## Task instructions
The answer should contain only the lines from the beginning of the entries through the line that holds "فندق Casa Din", given again exactly, with no pictures.

● ● ● ● ● ● ●

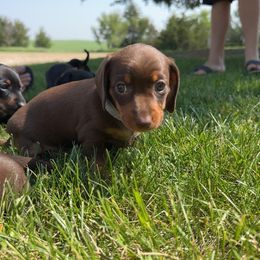 Dachshund Puppies from JF Doxies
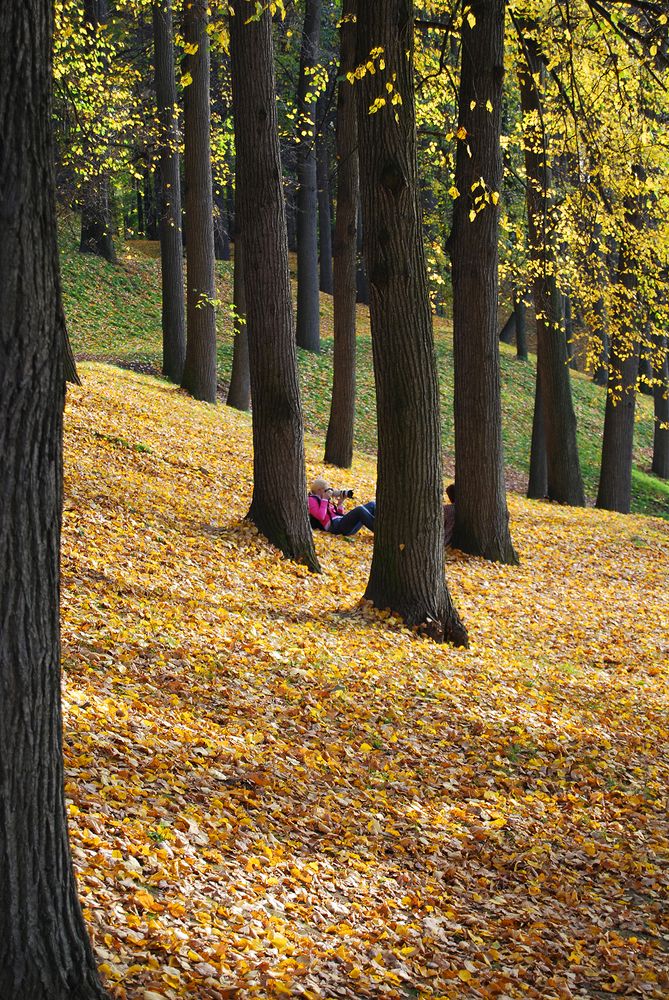 Photograph by Юрий Шурыгин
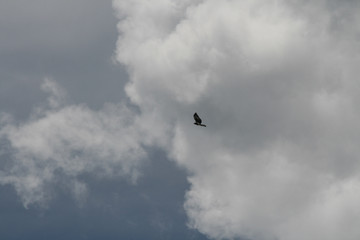 Bearded vultures flying high above the Maletsunyane Falls in Semonkong, Lesotho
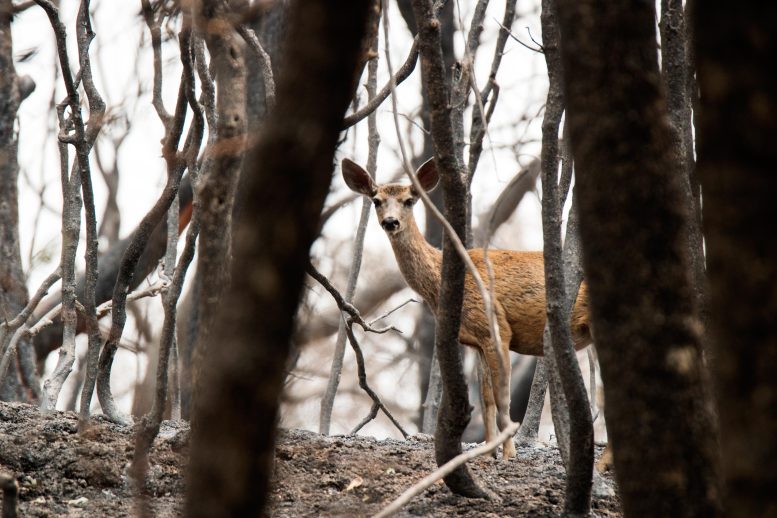 Black-tailed deer after a mountain fire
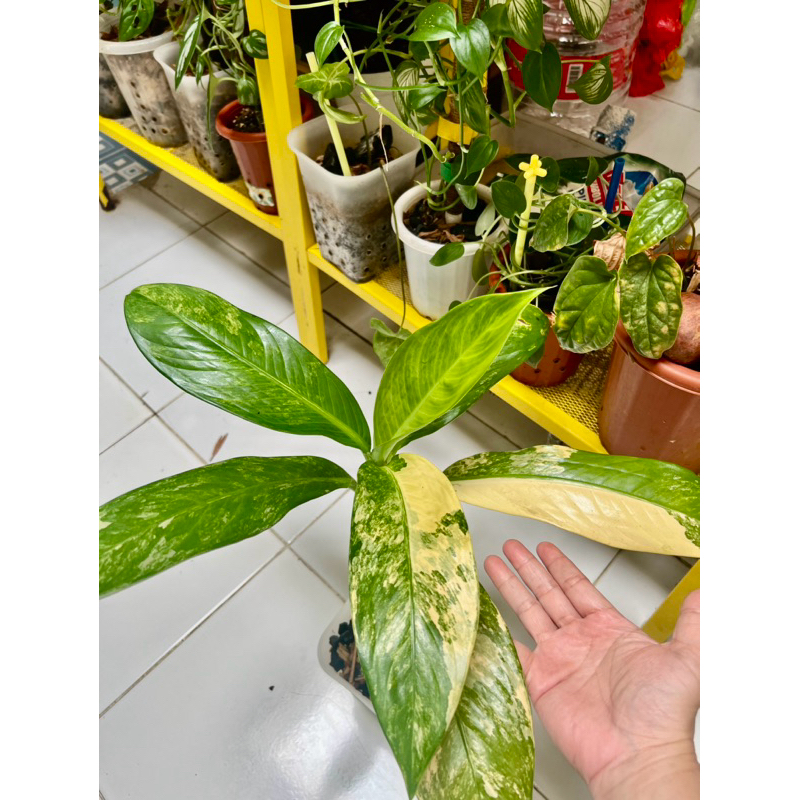 Diffen Panglima Varigata/ Congo Varigata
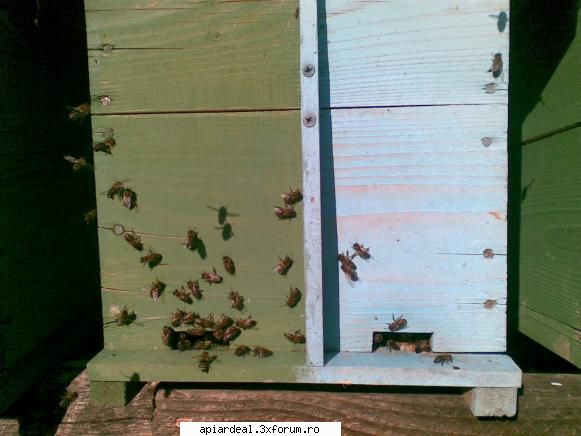 jurnal apicol albinele din casetinele regine rezerva iesit primele zbor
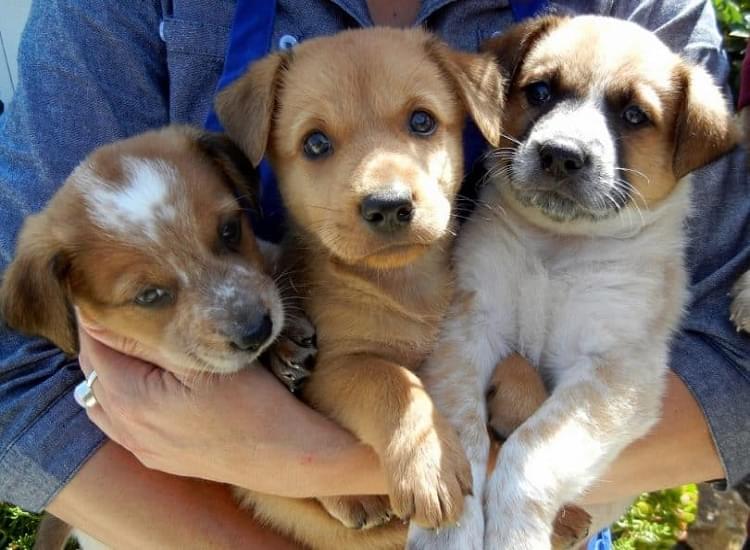 how to care for a puppy from birth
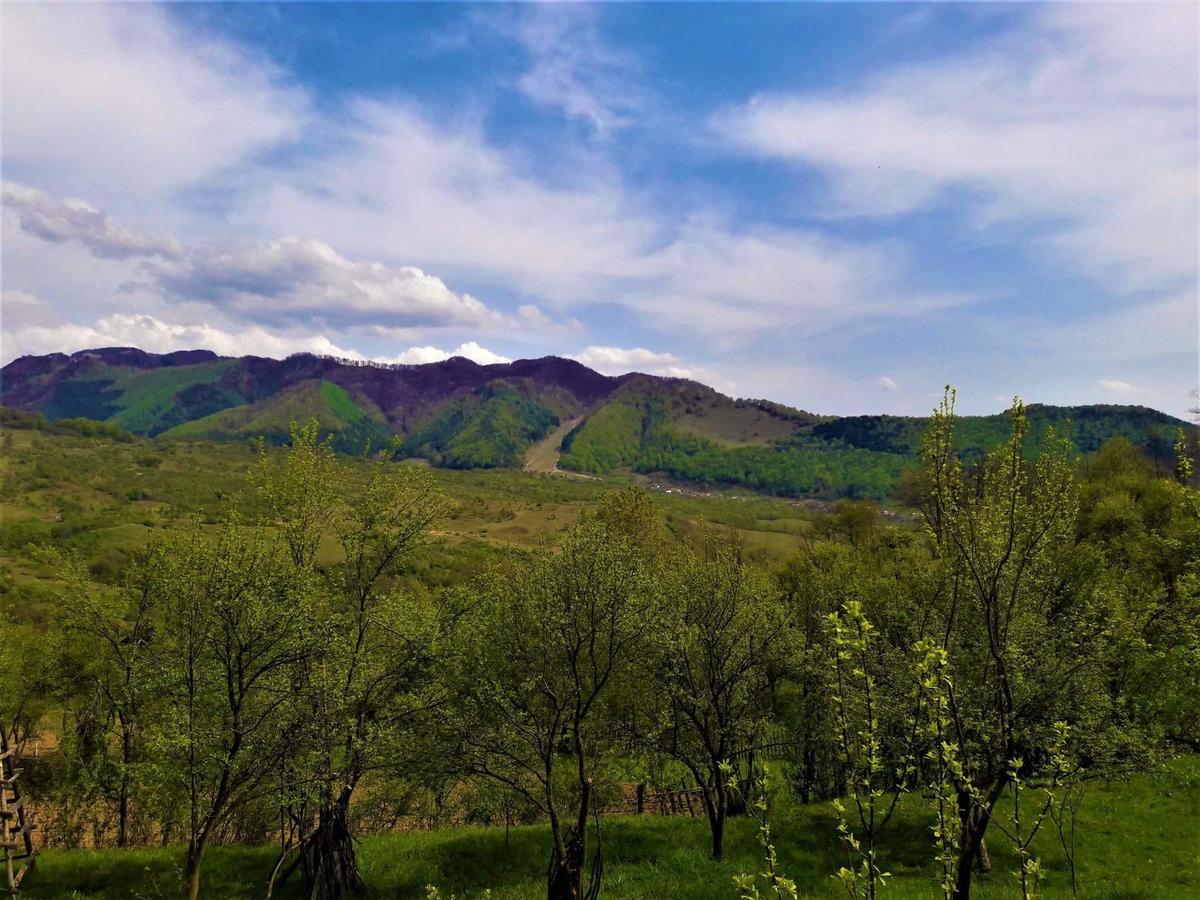 فندق Casa Din Piatra Poiana  المظهر الخارجي الصورة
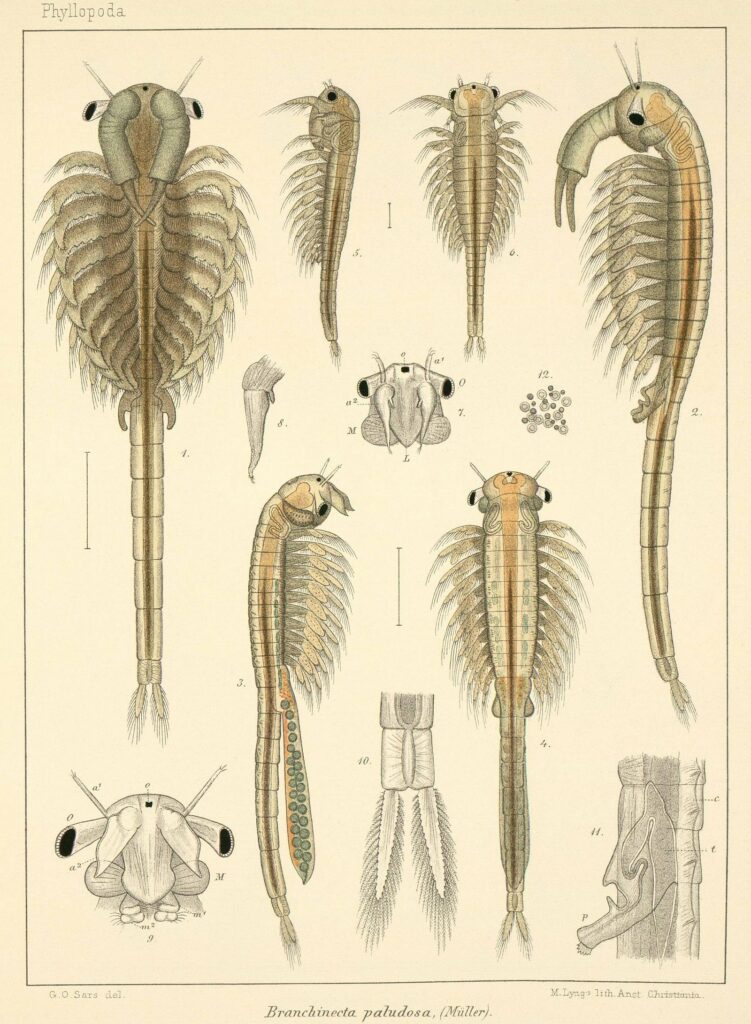 Skrzelopływka bagienna – rycina G.O. Sarsa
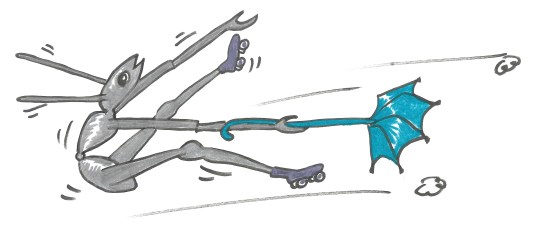 Ant as a Grandma, wind-skating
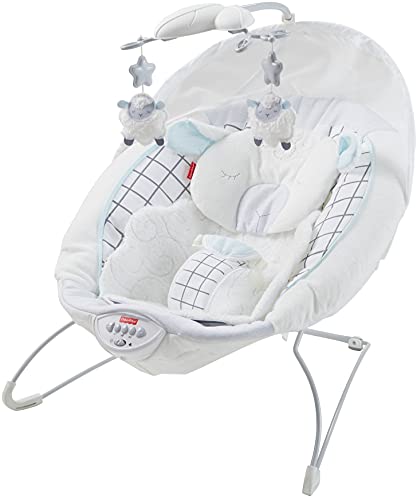 0887961655711 - FISHER-PRICE SWEET LITTLE LAMB DELUXE BABY BOUNCER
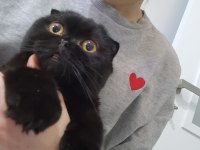 Scottish fold kedi cinsli
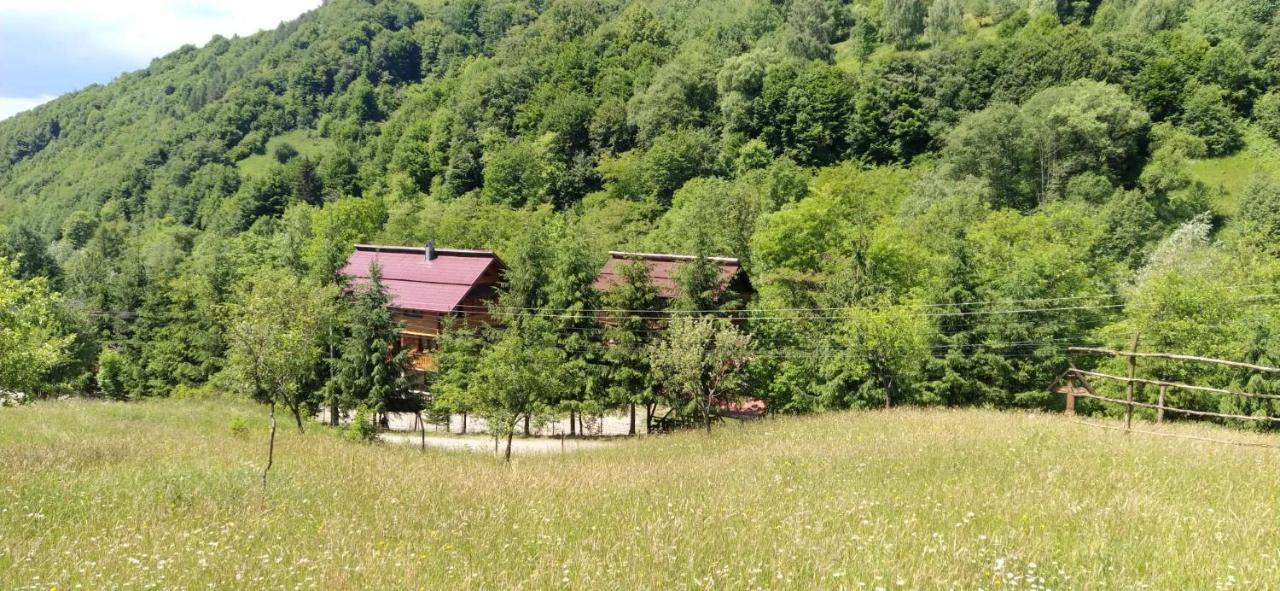 Pensiunea Simina Viseu de Jos Bagian luar foto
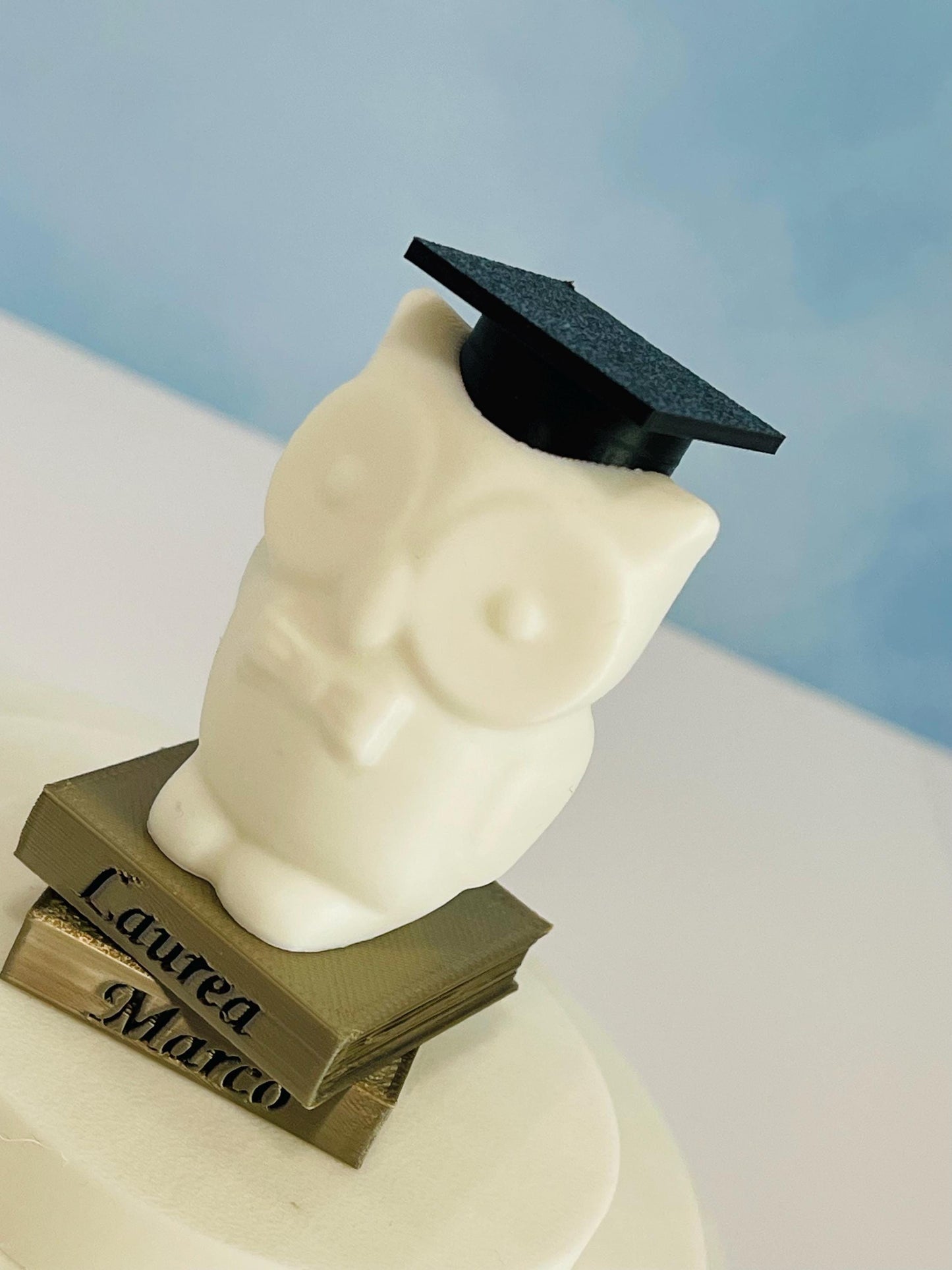 Custom Name Graduation Owl Figurine 3D Printed Personalized Gift for Graduates 2025 Keepsake Owl on Books with Cap Unique Grad Party Favor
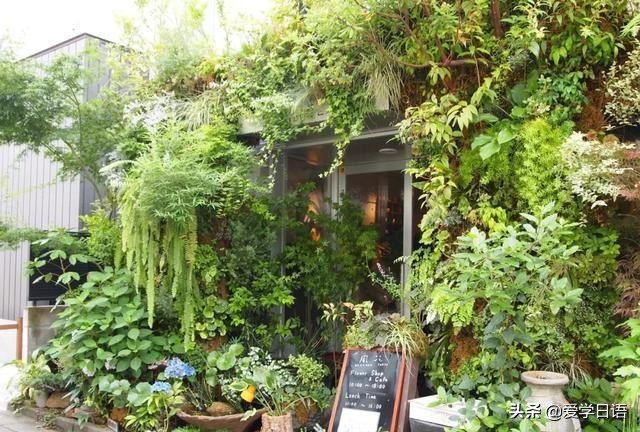 日本花店,日本花店是什么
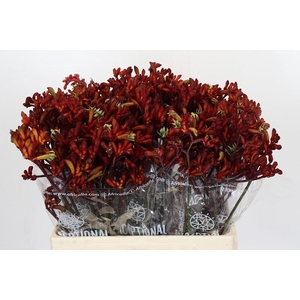 Kangaroo Paw Early Spring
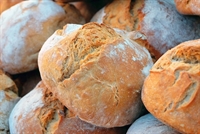 profitable bread distribution route - 1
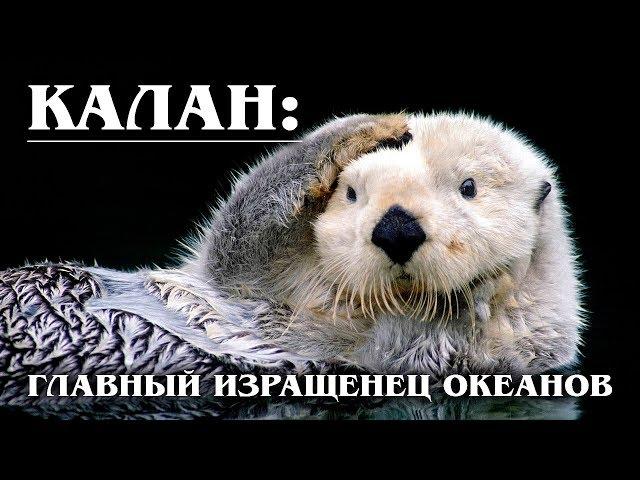 KALAN: The largest and smartest sea otter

● ● ● ● ● ● ●

## Result of this task
 Dachshund Puppies from JF Doxies
 Photograph by Юрий Шурыгин
 Bearded vultures flying high above the Maletsunyane Falls in Semonkong, Lesotho
 Black-tailed deer after a mountain fire
 Diffen Panglima Varigata/ Congo Varigata
 jurnal apicol albinele din casetinele regine rezerva iesit primele zbor
 how to care for a puppy from birth
 فندق Casa Din Piatra Poiana  المظهر الخارجي الصورة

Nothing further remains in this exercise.